Geodynamic drivers of energy and mineral systems like plate tectonics play a key role in energy and mass transfer within the Earth and controls the regional-scale distribution of resources. ST8.3 aims to identify crustal architecture and fault systems that control melt and fluid pathways and thereby provide a 4D-framework for integrating plate-boundary processes (magmatism, deformation, uplift and sedimentation) into mineral and energy system models. One focus of our research is to quantify the capacity of large-scale sedimentary basins for ore formation, geothermal energy, and storage of mineral and energy wastes which is directly linked to their geodynamic history, including far-field and near-field stresses, thermal regimes, and the development of heterogeneous physical rock properties. These data are critical for assessing potential risks in different systems, e.g., induced seismicity in response to reservoir utilization, thermal variation, and the long-term stability of repositories for nuclear waste.
Coupled Interactions of thermo-hydro-mechanical-chemical processes act over a large range of temporal and spatial scales and control the formation of energy and raw material resources. ST8.3 aims to develop new system models that integrate coupling, feedback and cascading effects into conventional THMC models of fluid flow, reactive transport and permeability evolution. This includes studying the role of organic-inorganic and microbial interactions, which can be particularly important for the formation of mineral and energy resources in sedimentary basins, and for developing strategies for energy production and storage potential.

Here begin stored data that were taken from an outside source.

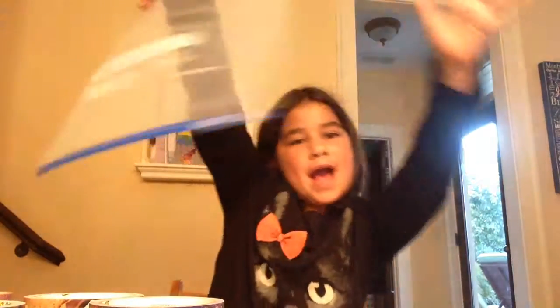Hello everybody! I'm here to show you how to make a super big bag. My name is Audrey, and I'll show you how to do it.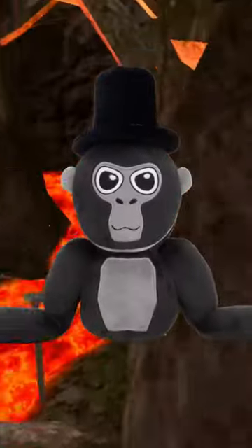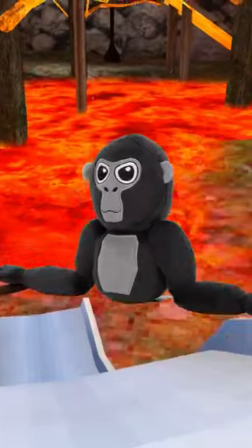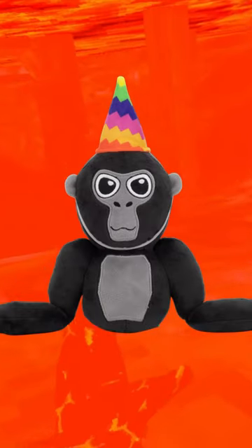Here is everything you need to know about the new Gorilla Tech plush. There's only one color and it's black. It comes with three cosmetics: the top hat, the party hat, and the stick.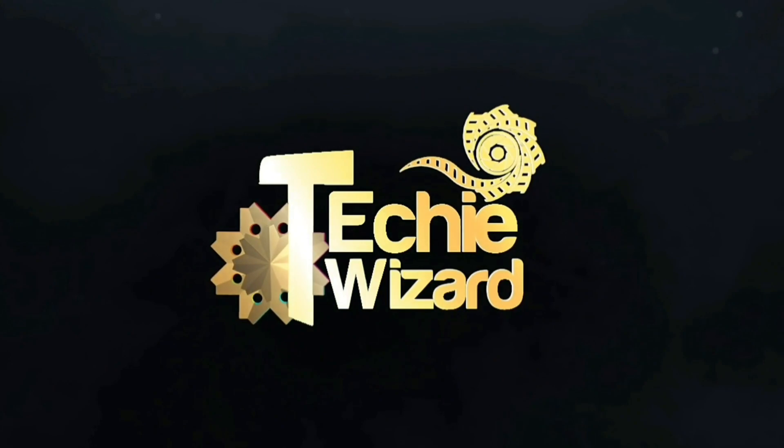Hello everyone! Welcome to Techie Wizard. I'll be back in the video. Welcome to Techie Wizard.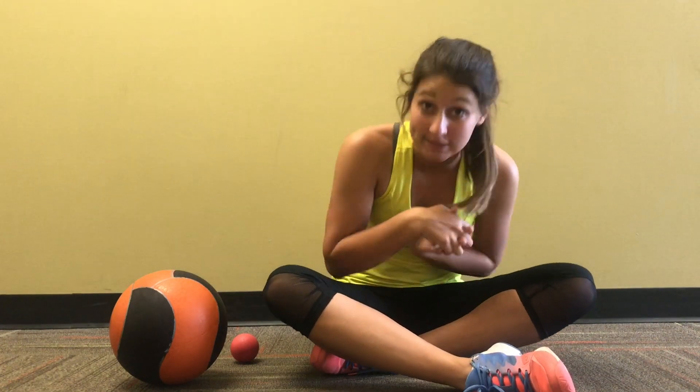Hey guys, it's your coach Marissa Johnson. Today I'm going to share with you how to foam roll and roll out your muscles, and I'm also going to tell you why it's super deeply important, so stay tuned.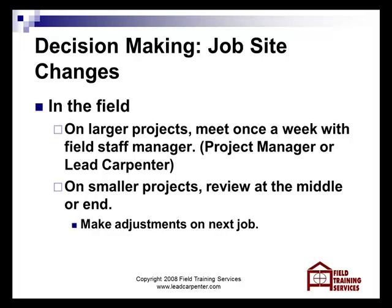On a three-month project, you need to look at it every week, so you can make adjustments as you're going along.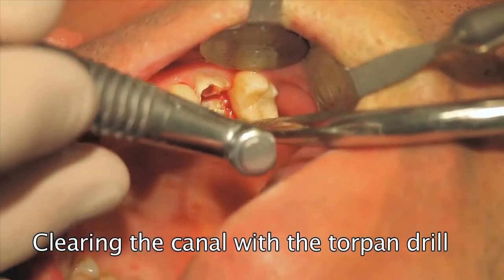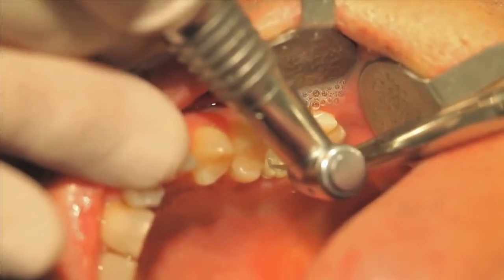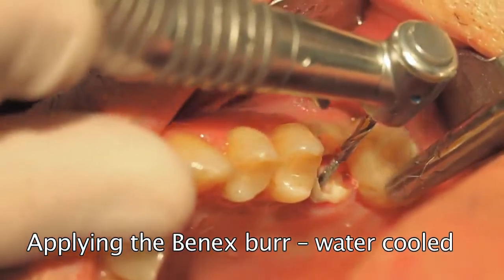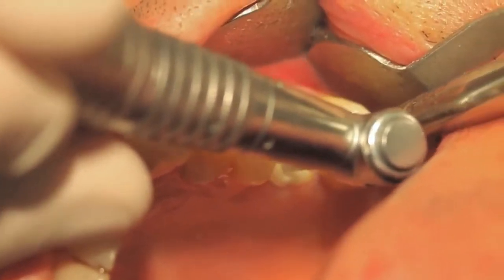Clearing the canal has two advantages: on the one hand, the root axis is made visible, and on the other hand, the diamond will not get smeared. An in-and-out motion is used with a Ben-X burr for better rinsing of the canal.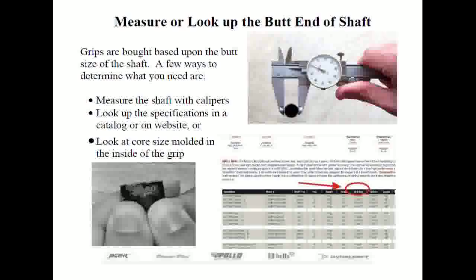Note if any additional tape was placed underneath the double-sided tape on the shaft's butt — this is routinely done to increase grip size. You don't want to put new grips on old tape, so measure the outside diameter of the shaft with tape intact, then remove the tape and re-measure. Record these measurements if you're trying to duplicate the size.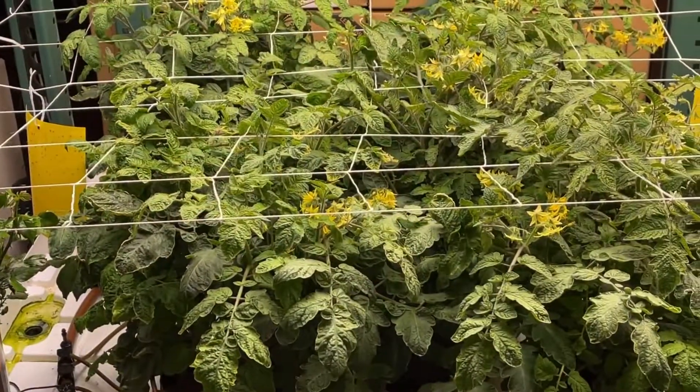Hey guys, Kevin with Forever Green Indoors. Thought I'd do a quick garden update. It's been about a week and a half — took a little vacation, came back, and these cherry tomatoes have gone crazy.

Advanced Technologies for analysis and discovery are required to extract maximum value from the resources and to safeguard against the negative impacts of exploitation. In ST8.3, we advance technological applications on several fronts: i) fiber-optic distributed acoustic sensing (DAS) for real-time monitoring, imaging of the underground and exploration of geothermal and mineral systems, ii) multi-parameter sensor systems for exploration, assessment, and monitoring of deep geothermal and mineral resources, iii) analytical and experimental laboratories on-site and in the field, iv) underground research labs, v) advanced data concepts.